Apollo Hospitals, Fortis Healthcare and Manipal Hospitals are among those that have accelerated the use of technology following the Covid-19 outbreak, with the lockdown restricting movement of people and hospital visits curtailed due to infection risk.
Apollo Hospitals, the country’s largest healthcare company, recently launched its Apollo 24/7 app, which allows patients to access a range of services and facilities. “In the initial stages of coronavirus in India, the app also offered a risk score based on respondent answers, and guidance on next steps,” Suneeta Reddy, MD of Apollo Hospitals, told ET. Apollo has over 16 million risk scores on the app so far.
According to Reddy, Apollo 24/7 offers virtual consultations with expert Apollo clinicians and access to an online pharmacy and diagnostics.
“It is also a safe digital locker for health records.
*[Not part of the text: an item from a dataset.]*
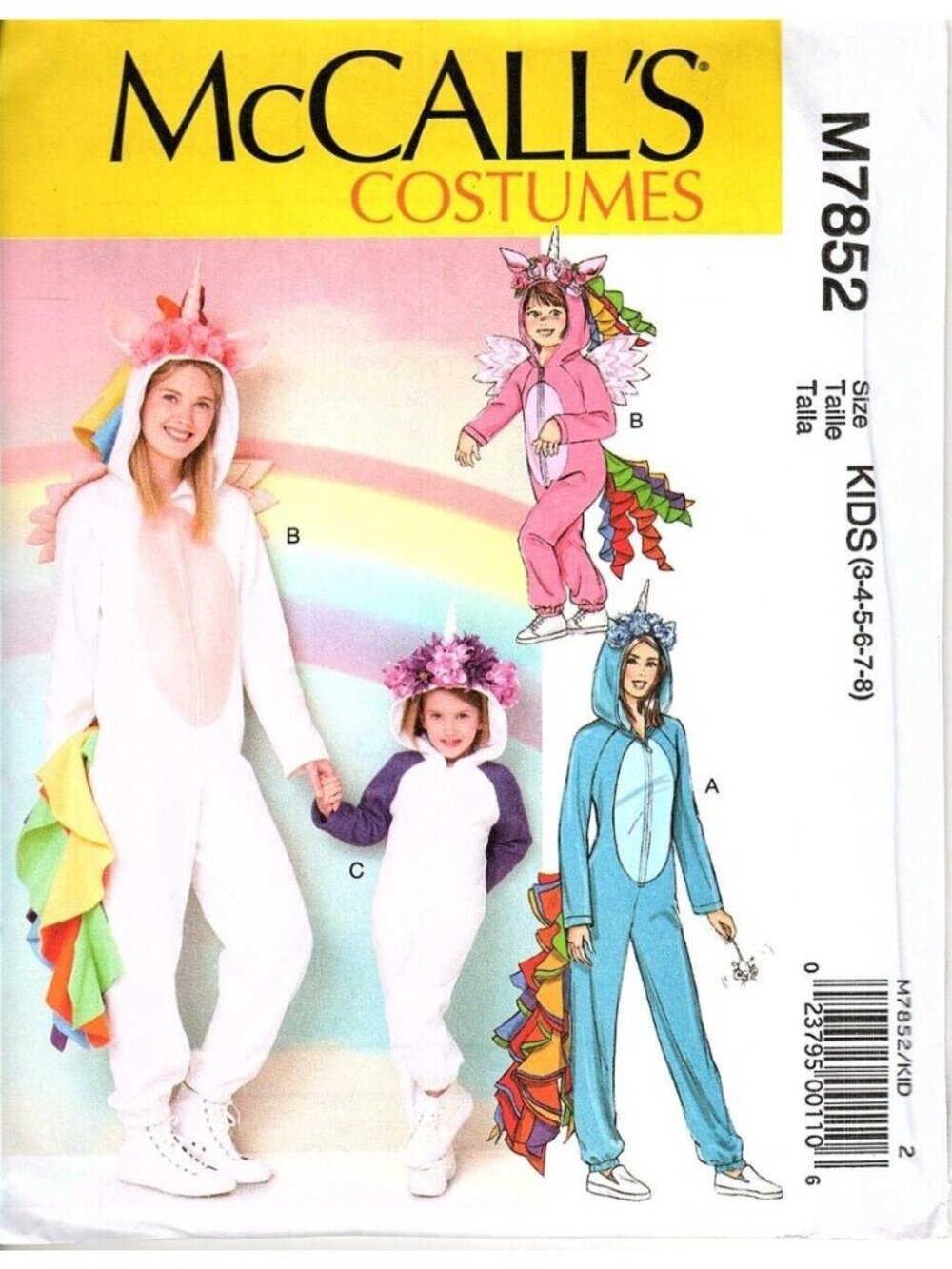 McCalls M7852 Girls 3 to 8 Unicorn Costume Uncut Sewing Pattern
We expect that more and more people will use the digital route for increasingly more healthcare needs, and Apollo 24/7 is our first step in leveraging that opportunity,” she added.
Fortis Healthcare said its efforts to go completely paperless and digital had started before the pandemic. “It is not a reactionary thing but this is something which is strategic in nature,” said Ashutosh Raghuvanshi, MD of Fortis Healthcare.
Fortis plans to convert all interfaces with patients and the entire gamut of care services into “pure digital mode,” he said. The company has been working on creating a new electronic medical record system that seamlessly integrates with its diagnostics.
Fortis is planning to roll out its app by next April and this will give patients a one-stop interface to book appointments, receive reports, send queries and even opt for teleconsultations, Raghuvanshi said. Dilip Jose, MD of Manipal Hospitals, said Covid-19 has hastened the process of putting in place a technological framework in hospitals.